I’ll be the first to admit that the most fun part about being a software engineer is the act of writing code. I can’t think of any other trade where the feedback loop between trying something new (a few keystrokes) and seeing if it worked (yet another keystroke) is so fast. Each compile-run cycle is its own dopamine hit. And there’s nothing wrong with that! The joy that comes from the instant feedback of programming is what attracted my quick-to-wander mind to software engineering in the first place.

The problem comes when you don’t reconcile the lightning-fast coding feedback loop with the much longer software lifecycle feedback loop. As you quickly learn, there’s so much more to do after you get something working on your computer. You also have to make sure your work builds and deploys in a remote machine and then and only then does the real work begin. The real feedback loop emerges. If you instrumented your app correctly, you’ll start to see the world in all of its complexity. Maybe your work crashes in strange and unexpected ways. Maybe it doesn’t perform well for everyone or you start seeing feedback coming in about how users are confused.

I’ve been part of many different engineering cultures over the years and one thing that made them all different from each other is how they prioritized building vs operating software. In one corner you have the “move-fast-and-break-things” engineering cultures. They build features and move on. They throw most of the monitoring and support over the fence to customer support, DevOps, etc. They hear of problems mostly through customer reports.

In the other corner we have operationally-focused engineering cultures. During my time at Quidsi/Amazon we called this “Operational Excellence”. A feature was not “done” until it had robust instrumentation — logs, alarms, dashboards — all in the service of seeing what’s working and not working in production so we could properly support what we built. Having all the instrumentation in the world is not enough, of course. Following through was the most important part and it was codified and glorified in the engineering culture. These engineering orgs hear of problems first from their tooling.

Build-focused engineering cultures can move fast but the output can be disappointing. Efficient but not effective. Operationally-focused engineering cultures are rigorous and correct but can be slow and stifling. It’s a trade-off because the time that you spend on the shorter programming feedback-loop is time that you’re not spending on the longer software lifecycle feedback loop.

If you don’t do anything, the default startup engineering culture leans heavily towards building at the expense of operating. I think that’s wrong. At the same time, I don’t think the right answer for startups is to start with a heavy operationally-focused engineering culture (there’s nothing to operate yet!). But if you’re not careful and intentional, you’ll never get there.
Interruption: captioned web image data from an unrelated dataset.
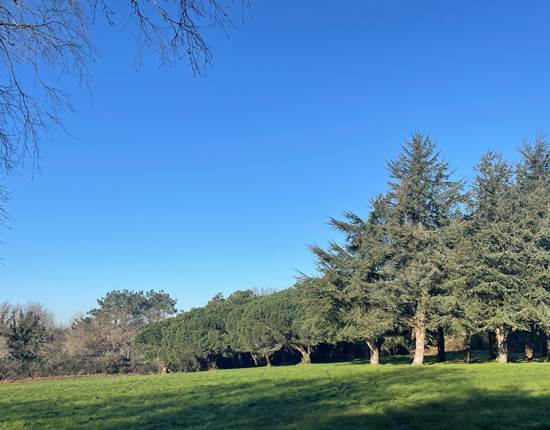 Les cèdres et le parc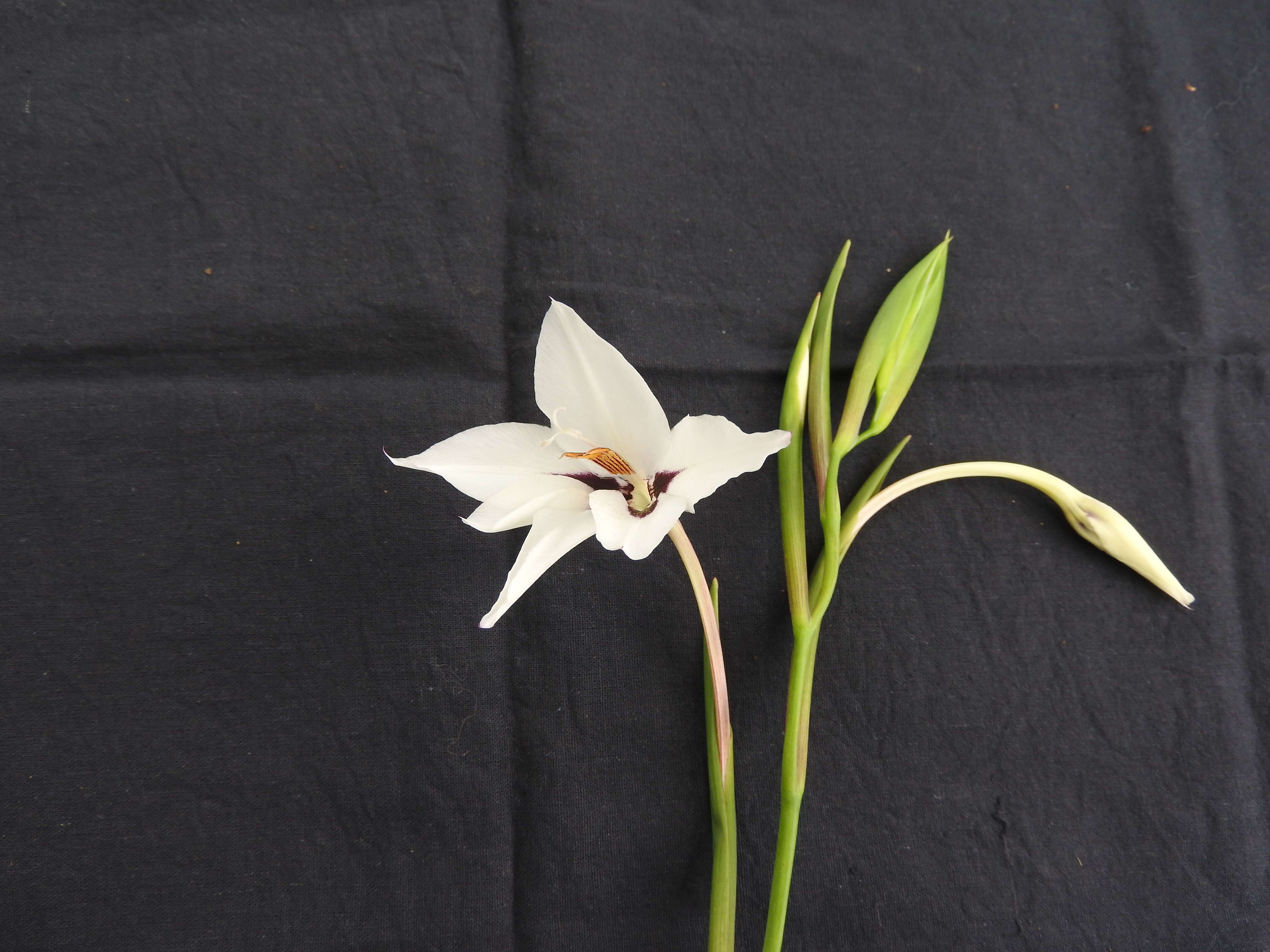 Image of Gladiolus murielae Kelway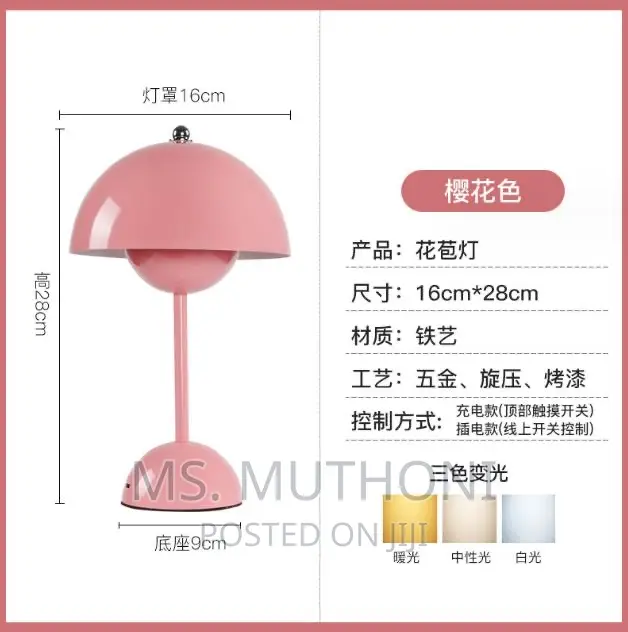 Rechargable Table Lamp*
This is one of the things I think about the most at Meadow: what are specific, intentional things we can do to move us to the right build/operate equilibrium at this stage of the company? We built a daily team ritual of monitoring and triaging production issues around Sentry. We began a prod-support engineering rotation on same day we launched Meadow Pay. We’ve also made strategic early investments (much, much earlier than you would expect) in automated end-to-end testing and purpose-built alarming systems. Yes, those projects delivered the value we expected, but the bulk of the value came from the nudge to our early engineering culture along the build/operate spectrum.